3.3 Import/Export Function Table

Exports (WASM -> Host):

Export Signature (WASM types) Description
tts_init (i32, i32) -> i32 Init store with policy JSON
tts_put (i64, i64, i32, i32, i32) -> i32 Ingest tensor block
tts_get (i64, i64, i32, i32, i32) -> i32 Read tensor block
tts_tick (i32, i32) -> i32 Maintenance tick
tts_stats (i32, i32) -> i32 Statistics snapshot
tts_alloc (i32) -> i32 Allocate linear memory
tts_dealloc (i32, i32) -> () Free linear memory
tts_last_error (i32, i32) -> i32 Get error message

Imports (Host -> WASM), namespace tts_host:

Import Signature (WASM types) Description
read_block (i32, i32, i32, i32, i32) -> i32 Read from host storage
write_block (i32, i32, i32, i32, i32) -> i32 Write to host storage
delete_block (i32, i32, i32) -> i32 Delete from host storage

3.4 tensor_id Encoding

u128 tensor_id:
+----------------------------------+----------------------------------+
|           hi (u64)               |           lo (u64)               |
| bits [127..64]                   | bits [63..0]                     |
+----------------------------------+----------------------------------+

Reconstruction (host side):
  tensor_id = (hi as u128) << 64 | (lo as u128)

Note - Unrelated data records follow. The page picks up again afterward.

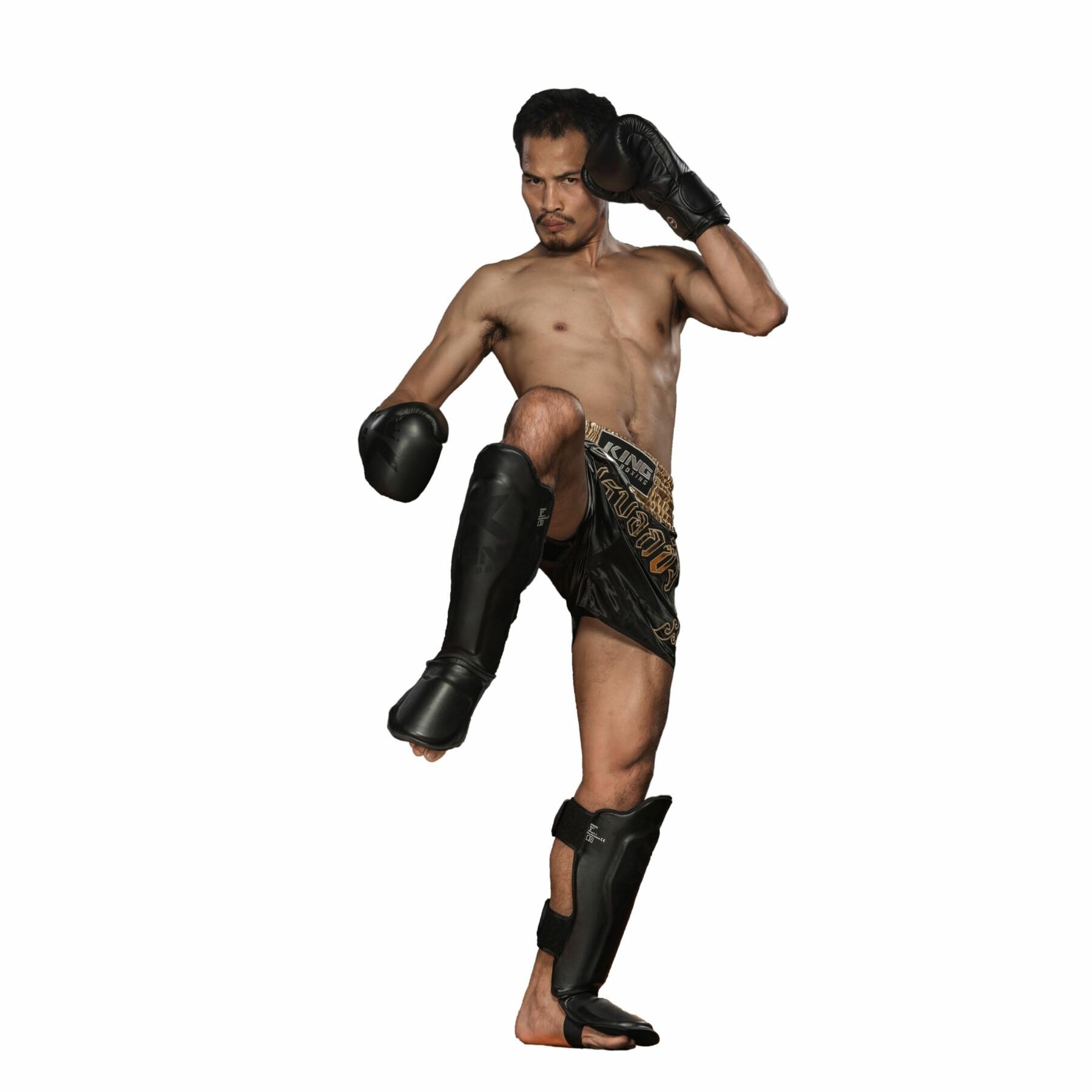 Thai boxing shin guards King Pro Boxing Kpb/ Sg 2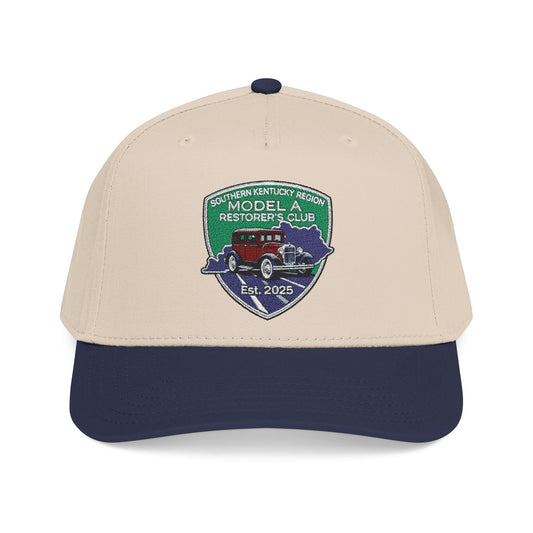 Southern Kentucky Region Model A Restorer's Club - Mid Profile Baseball Cap (Embroidered)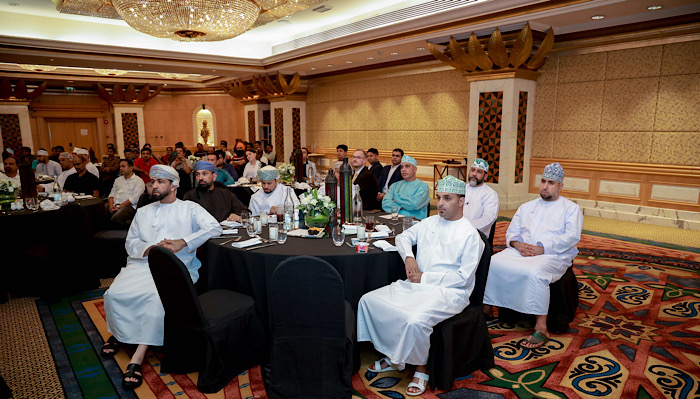 BMW Oman hosts annual Iftar and Awards Ceremony to honour company's top performers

Block key encoding (for host import calls):
  key = tensor_id_hi.to_le_bytes() ++ tensor_id_lo.to_le_bytes() ++ block_index.to_le_bytes()
  key_len = 8 + 8 + 4 = 20 bytes

This encoding is deterministic and platform-independent (little-endian).

3.5 Error Handling

Return code convention:

Code Name Description
0 TTS_OK Operation succeeded
-1 TTS_ERR_INVALID_HANDLE Store not initialized or handle invalid
-2 TTS_ERR_TENSOR_EVICTED Requested block was evicted from all tiers
-3 TTS_ERR_BUDGET_EXHAUSTED Tick budget fully consumed
-4 TTS_ERR_IO Host IO import returned an error
-5 TTS_ERR_CORRUPT_BLOCK Block data failed integrity check
-6 TTS_ERR_BUFFER_TOO_SMALL Output buffer insufficient
-7 TTS_ERR_INVALID_POLICY Policy JSON failed validation
-8 TTS_ERR_NULL_POINTER Null pointer passed for required argument
-9 TTS_ERR_ALLOC_FAILED Memory allocation failed

Error message retrieval:

// Guest-side implementation
static mut LAST_ERROR: [u8; 256] = [0u8; 256];
static mut LAST_ERROR_LEN: usize = 0;

fn set_error(msg: &str) {
    unsafe {
        let bytes = msg.as_bytes();
        let len = bytes.len().min(256);
        LAST_ERROR[..len].copy_from_slice(&bytes[..len]);
        LAST_ERROR_LEN = len;
    }
}

#[no_mangle]
pub extern "C" fn tts_last_error(out_ptr: *mut u8, out_len: usize) -> i32 {
    if out_ptr.is_null() {
        return TTS_ERR_NULL_POINTER;
    }
    unsafe {
        let copy_len = LAST_ERROR_LEN.min(out_len);
        core::ptr::copy_nonoverlapping(LAST_ERROR.as_ptr(), out_ptr, copy_len);
        copy_len as i32
    }
}

3.6 Memory Model Details

The WASM module uses linear memory exclusively. The host interacts with this memory through the exported tts_alloc and tts_dealloc functions:

// Guest-side allocator (simple bump allocator for WASM)
#[no_mangle]
pub extern "C" fn tts_alloc(len: usize) -> u32 {
    let layout = core::alloc::Layout::from_size_align(len, 4);
    match layout {
        Ok(layout) => {
            let ptr = unsafe { alloc::alloc::alloc(layout) };
            if ptr.is_null() {
                set_error("allocation failed");
                0
            } else {
                ptr as u32
            }
        }
        Err(_) => {
            set_error("invalid allocation layout");
            0
        }
    }
}

#[no_mangle]
pub extern "C" fn tts_dealloc(ptr: u32, len: usize) {
    if ptr == 0 || len == 0 {
        return;
    }
    let layout = core::alloc::Layout::from_size_align(len, 4);
    if let Ok(layout) = layout {
        unsafe { alloc::alloc::dealloc(ptr as *mut u8, layout); }
    }
}

Lifecycle protocol:

  1. Host calls tts_alloc(N) to get a pointer in WASM linear memory.
  2. Host writes data into that pointer region (via memory.buffer in JS).
  3. Host calls tts_put(...) or tts_init(...) with the pointer.
  4. Host calls tts_dealloc(ptr, N) to free the buffer.
  5. For reads: host allocates output buffer, calls tts_get(...), reads result, then deallocates.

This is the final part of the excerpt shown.